◆ Exercise details ◆
Retype the records below exactly as given, but only from the first line through the line with "Mini Clubman 2.0", and without the pictures.

◆ Supplied entries ◆

* * * *

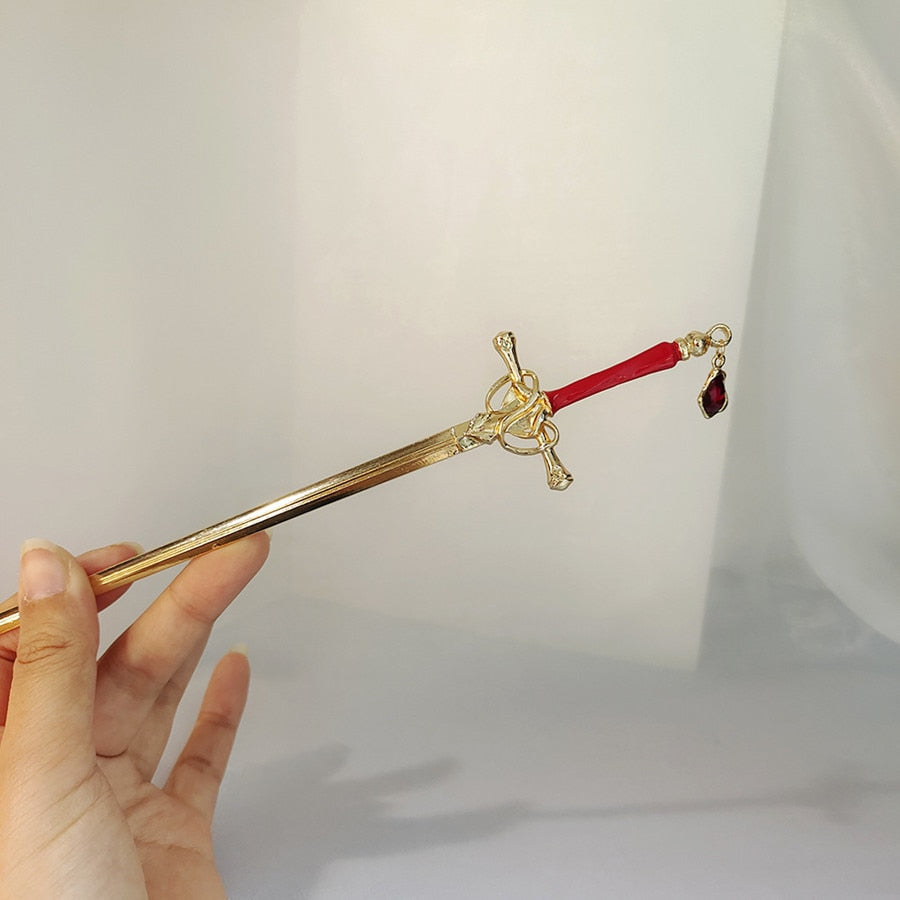 Brehn | Royal Knight Sword Haarnadel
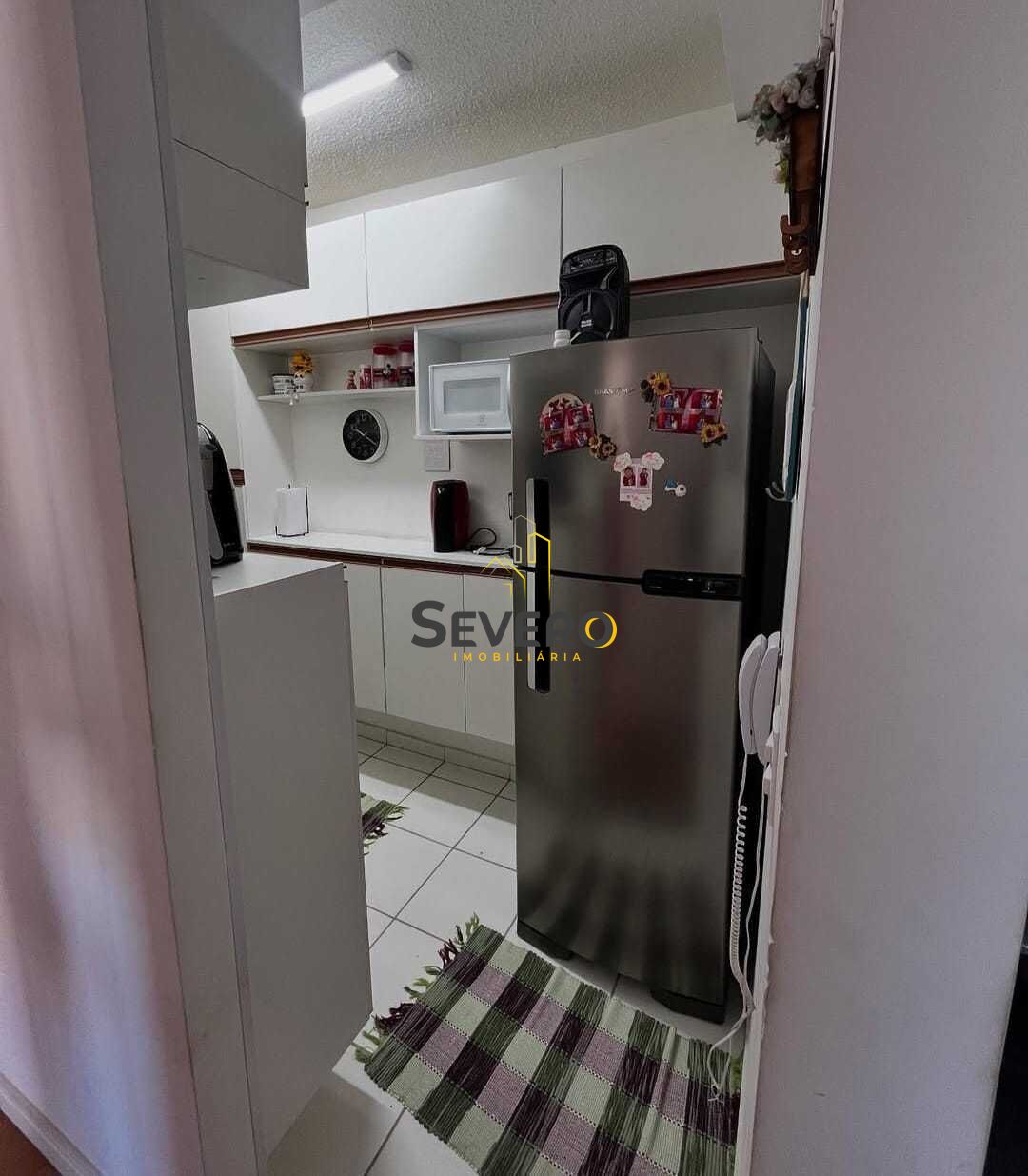 Apartamento à venda com 2 quartos, 45m² - Foto 3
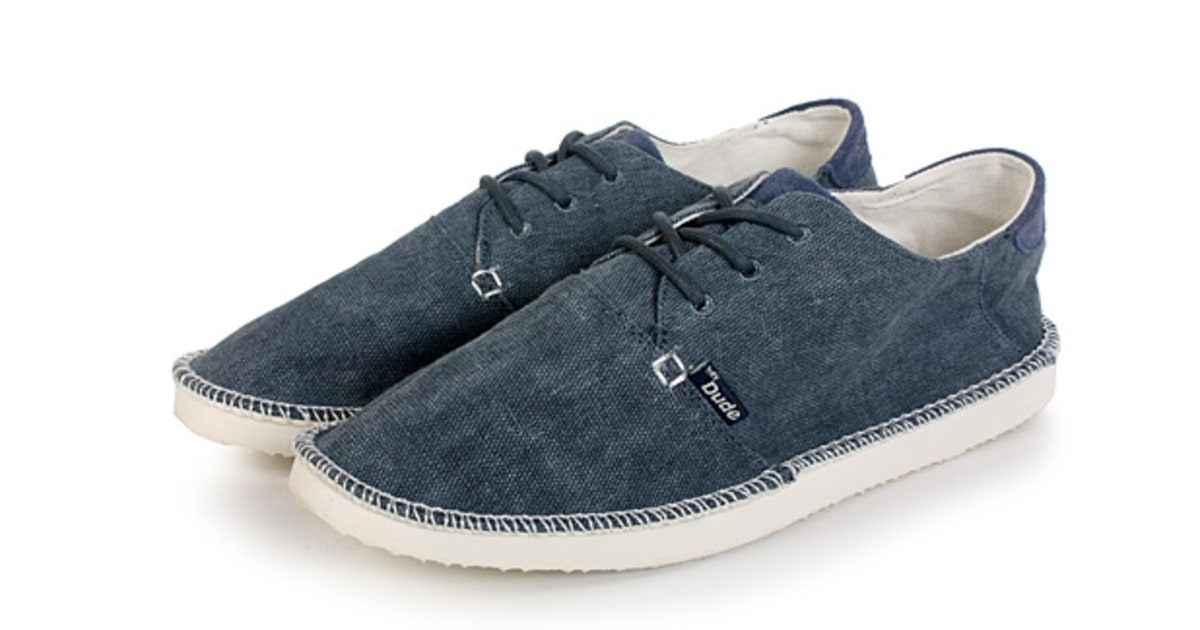 Hey Dude Shoes Showcase Italian Informality Men�s Journal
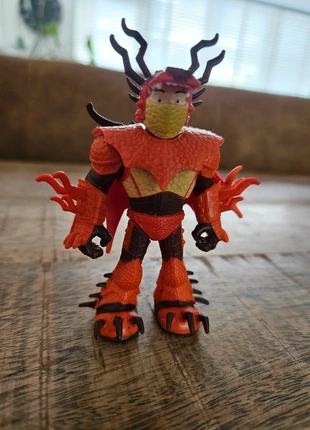 How to train your dragon minifigure, merk: Dragon, staat: Veelgebruikt, maat: XS, € 1,00, € 1,75 inclusief Kopersbescherming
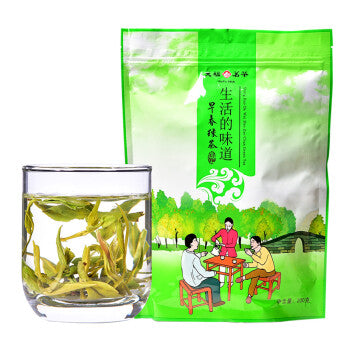 Mao Feng Green Tea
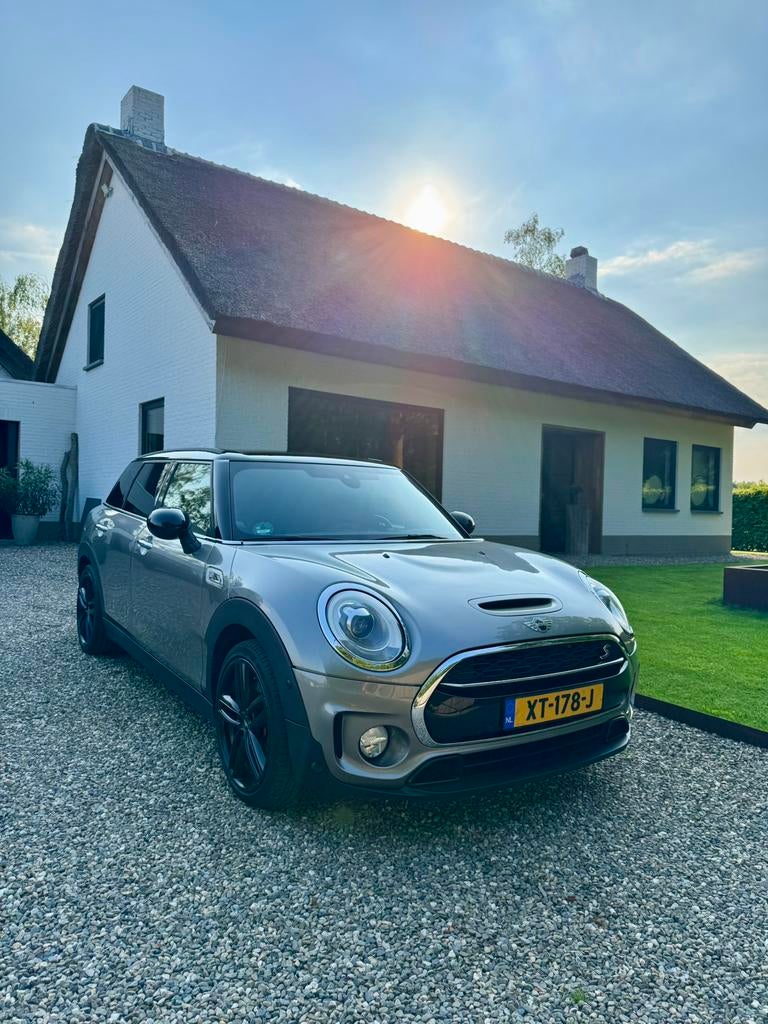 Mini Clubman 2.0 Cooper S 2015 Grijs, Auto's, 1998 cc, Particulier, 17 km/l, 1300 kg
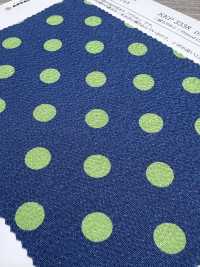 KKP3338-D10 Nigoshi Chirimen®[Textile / Fabric] Uni Textile (Komon Kobo) صور إضافية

* * * *

◆ Finished exercise ◆
 Brehn | Royal Knight Sword Haarnadel
 Apartamento à venda com 2 quartos, 45m² - Foto 3
 Hey Dude Shoes Showcase Italian Informality Men�s Journal
 How to train your dragon minifigure, merk: Dragon, staat: Veelgebruikt, maat: XS, € 1,00, € 1,75 inclusief Kopersbescherming
 Mao Feng Green Tea
 Mini Clubman 2.0 Cooper S 2015 Grijs, Auto's, 1998 cc, Particulier, 17 km/l, 1300 kg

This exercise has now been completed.